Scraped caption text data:
>>>>>

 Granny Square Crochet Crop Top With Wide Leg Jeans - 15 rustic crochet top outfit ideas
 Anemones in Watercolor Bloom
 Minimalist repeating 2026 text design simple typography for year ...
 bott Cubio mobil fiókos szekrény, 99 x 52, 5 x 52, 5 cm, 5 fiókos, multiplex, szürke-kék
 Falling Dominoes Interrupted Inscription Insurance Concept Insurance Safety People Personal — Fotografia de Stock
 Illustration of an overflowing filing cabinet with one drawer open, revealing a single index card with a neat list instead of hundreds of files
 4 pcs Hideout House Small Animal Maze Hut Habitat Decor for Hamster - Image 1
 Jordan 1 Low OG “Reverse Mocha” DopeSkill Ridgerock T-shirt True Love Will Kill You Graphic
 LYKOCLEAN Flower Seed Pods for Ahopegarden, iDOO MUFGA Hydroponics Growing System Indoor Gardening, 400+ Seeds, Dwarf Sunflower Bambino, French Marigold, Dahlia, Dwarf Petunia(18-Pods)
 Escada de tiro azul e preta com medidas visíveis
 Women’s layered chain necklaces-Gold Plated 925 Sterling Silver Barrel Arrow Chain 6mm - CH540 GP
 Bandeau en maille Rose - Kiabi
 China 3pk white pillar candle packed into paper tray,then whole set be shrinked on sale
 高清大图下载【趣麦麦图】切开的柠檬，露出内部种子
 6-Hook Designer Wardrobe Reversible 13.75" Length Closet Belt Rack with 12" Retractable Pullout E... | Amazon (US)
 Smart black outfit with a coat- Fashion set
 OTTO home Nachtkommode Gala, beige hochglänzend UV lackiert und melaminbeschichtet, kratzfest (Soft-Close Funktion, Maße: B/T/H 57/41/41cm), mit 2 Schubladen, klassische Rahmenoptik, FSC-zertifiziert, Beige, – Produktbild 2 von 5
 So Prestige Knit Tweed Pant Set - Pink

<<<<<

* [YOUR TASK]: Scan the lines above for the word "outfit", then copy each line that has it.

* [FINAL ANSWER]:
 Granny Square Crochet Crop Top With Wide Leg Jeans - 15 rustic crochet top outfit ideas
 Smart black outfit with a coat- Fashion set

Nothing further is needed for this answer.